Ask the former state Class A chess champion

I don’t know about Lib, but the pressure of an intense game makes me play better. It brings me to full alert, sharpens me. Eventually, of course, it begins to have the opposite effect.

I am nowhere near the chess player he must be from the analysis I’m reading in this thread. I can sometimes hold my own against erl – who may have had me in mind when he asked about trying to force the king not to castle. I’ve been known to do that (often). I’m impetuous.

Now my question: Lib, you mentioned earlier that when you play black you like to see white play the English Opening and hate to see him play the King’s Gambit. Could you elaborate on the why of both?

Wonderful thread.

Brian asked:

No, sorry, I haven’t.

Pressure in an important game can be enormous. Your blood pressure and heart rate can soar. Your respiration can become eratic, and you can sweat profusely, almost like you’re boxing the man rather than playing chess with him. It isn’t just the money, the trophy, and the prestige. It’s the challenge and competition of matching wits in a game of almost pure mental skill with someone else who has proved by their rating that they have beaten players like you before and can do so again. You can’t help but think about the post-mortem when your peers will be gathered around the board for a look-see at what happened. You very much want to be the one who is filling the room with bubbly chatter about this line and that line, rather than the one who is in the unfortunate position of listening to it all.

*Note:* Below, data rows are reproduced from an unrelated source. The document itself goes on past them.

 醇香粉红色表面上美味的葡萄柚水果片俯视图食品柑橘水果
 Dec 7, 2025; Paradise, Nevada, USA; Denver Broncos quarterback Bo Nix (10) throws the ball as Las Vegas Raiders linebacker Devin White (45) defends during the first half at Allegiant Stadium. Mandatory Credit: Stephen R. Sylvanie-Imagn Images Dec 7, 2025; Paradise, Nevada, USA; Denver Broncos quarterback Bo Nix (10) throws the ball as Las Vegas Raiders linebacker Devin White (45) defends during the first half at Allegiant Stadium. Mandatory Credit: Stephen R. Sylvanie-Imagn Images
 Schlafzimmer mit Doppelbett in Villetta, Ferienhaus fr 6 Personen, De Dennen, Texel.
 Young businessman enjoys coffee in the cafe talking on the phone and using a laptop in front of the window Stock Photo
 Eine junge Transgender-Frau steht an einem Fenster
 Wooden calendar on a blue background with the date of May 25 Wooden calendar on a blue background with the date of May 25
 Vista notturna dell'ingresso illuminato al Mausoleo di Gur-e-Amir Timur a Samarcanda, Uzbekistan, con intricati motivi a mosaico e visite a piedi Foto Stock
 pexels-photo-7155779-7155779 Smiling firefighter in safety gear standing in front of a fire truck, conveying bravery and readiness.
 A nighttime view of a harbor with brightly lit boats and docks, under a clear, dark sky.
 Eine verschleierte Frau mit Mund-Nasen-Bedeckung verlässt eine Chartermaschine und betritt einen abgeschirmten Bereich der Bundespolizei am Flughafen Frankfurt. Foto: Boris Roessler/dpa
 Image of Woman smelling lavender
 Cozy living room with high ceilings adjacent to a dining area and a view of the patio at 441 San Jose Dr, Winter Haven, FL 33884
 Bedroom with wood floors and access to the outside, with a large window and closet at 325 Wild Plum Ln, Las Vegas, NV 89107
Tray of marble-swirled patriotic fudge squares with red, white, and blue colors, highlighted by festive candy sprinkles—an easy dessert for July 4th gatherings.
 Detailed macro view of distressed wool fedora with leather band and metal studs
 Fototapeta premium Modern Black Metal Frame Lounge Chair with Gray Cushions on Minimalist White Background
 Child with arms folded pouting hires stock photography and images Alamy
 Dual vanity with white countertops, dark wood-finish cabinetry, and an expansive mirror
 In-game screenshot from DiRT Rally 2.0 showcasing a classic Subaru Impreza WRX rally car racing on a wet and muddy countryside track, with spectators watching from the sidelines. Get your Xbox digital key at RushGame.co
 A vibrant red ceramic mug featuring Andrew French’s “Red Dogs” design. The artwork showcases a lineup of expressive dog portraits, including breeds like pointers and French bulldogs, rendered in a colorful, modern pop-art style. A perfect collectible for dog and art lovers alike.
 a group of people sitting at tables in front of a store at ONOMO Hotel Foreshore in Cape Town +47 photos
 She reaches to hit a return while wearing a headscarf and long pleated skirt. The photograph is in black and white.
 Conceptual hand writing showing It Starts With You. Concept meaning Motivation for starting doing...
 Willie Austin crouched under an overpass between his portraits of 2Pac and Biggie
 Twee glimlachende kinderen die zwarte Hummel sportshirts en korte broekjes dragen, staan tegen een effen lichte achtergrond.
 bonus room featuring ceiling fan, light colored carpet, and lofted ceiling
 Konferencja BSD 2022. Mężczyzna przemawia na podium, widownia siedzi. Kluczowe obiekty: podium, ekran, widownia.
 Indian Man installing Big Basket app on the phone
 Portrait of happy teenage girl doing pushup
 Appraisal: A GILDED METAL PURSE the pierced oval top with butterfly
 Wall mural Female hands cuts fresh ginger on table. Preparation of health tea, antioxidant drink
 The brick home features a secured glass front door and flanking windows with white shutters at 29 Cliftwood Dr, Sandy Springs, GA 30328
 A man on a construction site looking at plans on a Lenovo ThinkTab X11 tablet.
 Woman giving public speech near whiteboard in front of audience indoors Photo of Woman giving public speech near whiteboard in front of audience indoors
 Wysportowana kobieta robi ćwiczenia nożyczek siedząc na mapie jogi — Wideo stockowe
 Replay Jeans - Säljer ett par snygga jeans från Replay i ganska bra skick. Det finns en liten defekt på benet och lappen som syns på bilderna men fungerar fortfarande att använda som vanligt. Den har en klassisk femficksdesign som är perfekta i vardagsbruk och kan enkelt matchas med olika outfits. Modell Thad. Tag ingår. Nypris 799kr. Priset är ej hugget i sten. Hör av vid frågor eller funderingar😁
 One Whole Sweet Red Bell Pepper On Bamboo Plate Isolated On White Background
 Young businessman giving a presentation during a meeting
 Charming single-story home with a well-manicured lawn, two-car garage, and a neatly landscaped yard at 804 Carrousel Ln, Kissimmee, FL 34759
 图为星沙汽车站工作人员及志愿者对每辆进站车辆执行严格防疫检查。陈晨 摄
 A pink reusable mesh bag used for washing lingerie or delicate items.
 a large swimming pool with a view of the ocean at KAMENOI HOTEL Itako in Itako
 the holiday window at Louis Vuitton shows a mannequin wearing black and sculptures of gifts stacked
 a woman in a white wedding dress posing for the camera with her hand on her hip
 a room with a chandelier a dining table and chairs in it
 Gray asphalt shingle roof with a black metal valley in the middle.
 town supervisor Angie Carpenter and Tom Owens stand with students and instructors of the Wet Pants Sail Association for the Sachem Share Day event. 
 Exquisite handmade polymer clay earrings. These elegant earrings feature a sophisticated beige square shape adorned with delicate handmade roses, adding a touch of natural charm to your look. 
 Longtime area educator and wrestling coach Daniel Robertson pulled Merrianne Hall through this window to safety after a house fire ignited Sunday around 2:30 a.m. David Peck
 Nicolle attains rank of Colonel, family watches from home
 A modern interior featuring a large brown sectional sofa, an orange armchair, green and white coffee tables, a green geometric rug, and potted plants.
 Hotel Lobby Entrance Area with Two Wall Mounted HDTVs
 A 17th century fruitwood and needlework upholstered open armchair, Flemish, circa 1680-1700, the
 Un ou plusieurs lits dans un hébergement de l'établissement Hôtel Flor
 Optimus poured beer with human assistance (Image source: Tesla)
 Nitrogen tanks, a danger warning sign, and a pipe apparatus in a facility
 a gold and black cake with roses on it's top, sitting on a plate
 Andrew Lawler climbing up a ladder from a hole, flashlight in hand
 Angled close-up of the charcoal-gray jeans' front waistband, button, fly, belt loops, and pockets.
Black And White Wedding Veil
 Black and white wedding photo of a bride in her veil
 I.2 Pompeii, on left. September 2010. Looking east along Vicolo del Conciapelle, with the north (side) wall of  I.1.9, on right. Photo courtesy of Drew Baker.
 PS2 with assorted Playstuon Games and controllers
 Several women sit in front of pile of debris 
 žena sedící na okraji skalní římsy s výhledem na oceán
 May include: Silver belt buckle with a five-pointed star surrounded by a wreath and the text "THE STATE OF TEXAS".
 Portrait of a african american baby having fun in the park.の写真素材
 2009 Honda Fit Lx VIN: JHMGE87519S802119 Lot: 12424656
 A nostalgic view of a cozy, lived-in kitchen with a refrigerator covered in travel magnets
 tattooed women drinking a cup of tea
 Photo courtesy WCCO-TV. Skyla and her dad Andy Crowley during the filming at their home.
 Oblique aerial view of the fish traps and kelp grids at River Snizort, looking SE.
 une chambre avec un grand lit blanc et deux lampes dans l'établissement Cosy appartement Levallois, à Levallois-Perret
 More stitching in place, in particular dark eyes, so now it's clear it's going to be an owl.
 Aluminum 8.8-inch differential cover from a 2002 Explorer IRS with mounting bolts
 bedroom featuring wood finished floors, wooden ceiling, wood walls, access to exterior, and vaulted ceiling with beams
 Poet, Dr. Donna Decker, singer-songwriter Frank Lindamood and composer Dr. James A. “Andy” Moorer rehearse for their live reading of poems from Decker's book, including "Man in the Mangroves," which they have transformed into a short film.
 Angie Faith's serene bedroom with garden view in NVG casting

For me, the greatest pressure is when I am winning and am playing out an attack. It is common knowledge that a failed attack will almost always result in a successful counter-attack, given that your opponent is adequately skillful. Waiting for him to move can be, for me, excruciating. I watch his eyes. I want to see if I can tell what lines he’s analyzing. What part of the board is he concentrating on? Is he looking up and down the long diagonals and back and forth across files and ranks? Does he seem stuck on a single line of moves, examining it over and over? (Sometimes, that’s a sign that he has found something you missed.) I’ve actually had some opponents complain about this to officials. “He keeps staring at me.” Opponents who knew me often cupped their hands around their faces like Tiger Woods on the green.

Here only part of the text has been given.